Wird die Aufgabe des Bescheids zur Post durch den zuständigen Behördenmitarbeiter dokumentiert, wird durch diese Dokumentierung ein typischer Geschehensablauf dahingehend in Gang gesetzt, dass im Inland eine Postbeförderung innerhalb von drei Tagen an den Bestimmungsort erwartet werden kann (sog. Beweis des ersten Anscheins). Diese Dokumentation erfolgt gewöhnlich durch ein Postausgangsbuch. Durch den Eintrag wird bestätigt, dass der schriftliche Verwaltungsakt tatsächlich einem Postdienstleister übergeben wurde. Insbesondere in Massenverfahren kann dieser Nachweis auch auf andere Weise erfolgen. Aus dem Nachweis muss zweifelsfrei hervorgehen, dass sich der schriftliche Verwaltungsakt nicht nur bei den Akten befindet, sondern tatsächlich in den Postausgang gelangt ist. Als ein solcher Nachweis genügt nach Auffassung des Verwaltungsgerichts Magdeburg eine im Verwaltungsvorgang der Behörde abgeheftete Abschrift des Bescheides mit einem Vermerk über die tatsächliche Abgabe des Bescheides zur Post. Aus dem Datum des Verwaltungsaktes lässt sich nicht auf den Tag der Aufgabe zur Post schließen.
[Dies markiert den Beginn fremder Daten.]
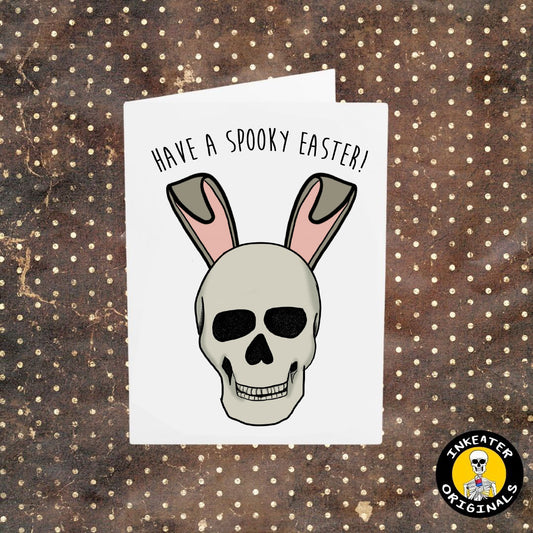 Have a Spooky Easter! Skull with Bunny Ears Card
Ist der Postausgang in geeigneter Weise dokumentiert und kommt das Schreiben nicht als unzustellbar zurück, sind Zweifel am Zugang und ggf. am Zugangszeitpunkt nur gerechtfertigt, wenn der Adressat des Bescheides einen atypischen Geschehensablauf schlüssig vorträgt. In dem Fall der hinreichenden Dokumentierung der Aufgabe des Bescheids zur Post reicht das schlichte Bestreiten des Zugangs oder des Zeitpunkts des Zugangs des Bescheids nicht aus. Das schlichte Bestreiten des Zugangs - dies gilt auch in zeitlicher Hinsicht – begründet keine Zweifel, die die Behörde verpflichten, den Zugang des Verwaltungsaktes und/oder den Zeitpunkt seines Zugangs nachzuweisen.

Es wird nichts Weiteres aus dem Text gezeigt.